AUTHOR’S NOTE: The fact that a tarot deck can be subdivided into three distinct but interdependent tiers — trump, court and “pip” cards — invites numerous analogies describing how they interact from the top down in “three-part harmony.” Here are a few ideas.

We might look at the three “zones of influence” from an anatomical perspective: the Major Arcana (aka “trumps”) symbolize the high-level abstractions and executive/administrative functions of the brain; the court cards signify the heart of the corporeal identity that serves to personalize one’s individual “footprint” in terms of size, shape, appearance, level of maturity and character traits; and the Minor Arcana, or “pips,” represent the cranial sensory apparatus (eyes, ears, nose, mouth) and the extremities — hands and feet with their sensitive fingers and toes — all faculties that interface directly with physical reality. The last of these assumptions supports my belief that the “pip” cards are the most telling indicators of routine progress in the unfolding of events; they show “where the rubber meets the road” when everything else can amount to lofty speculation (trumps) or socio-psychological distraction (courts). The pips are unfailingly “real,” the others are often tenuous and transitory due to their conjectural nature.

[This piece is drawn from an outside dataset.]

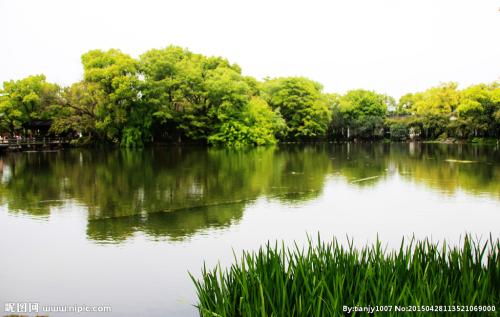 春天风景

Then there is the “military” paradigm: the trump cards represent the strategists at rear-echelon headquarters churning out hypothetical “theater-of-war” projections; the court cards are the tacticians heading up the forward command posts and aspiring to enact their superiors’ vision in real-time maneuvers at the front; and the pips are the “foot-soldiers” who carry out assignments in the field. In a tarot reading I like to track what the “grunts” are up to and gauge how faithfully they are able to execute their marching orders.

There are also environmental distinctions. As I’ve written about recently (and frequently), the trump cards are more likely to depict stage-setting themes and situational backdrops than concrete events and circumstances with major consequences. But we can put a slightly finer point on it. Their impact may be broad and relatively shallow, indicating “surface noise” that will be easily penetrated by more visceral experiences, or narrowly-focused (i.e single-pointed) and trenchant, striking at the roots of the matter, providing motivation and demanding attention. (Where I draw the line is that they don’t invariably reflect a critical “hit” on our equilibrium, they may just add imaginative and stimulating flair to our deliberations.) The court cards generally describe the enveloping social milieu or the psychological atmosphere that defines the mental/emotional impact of the affair; and the pips convey routine, day-to-day occurrences and developments that run mostly on auto-pilot and require little intervention except perhaps to fine-tune our posture toward them (e.g. trying to “get up on the right side of the bed” for a change).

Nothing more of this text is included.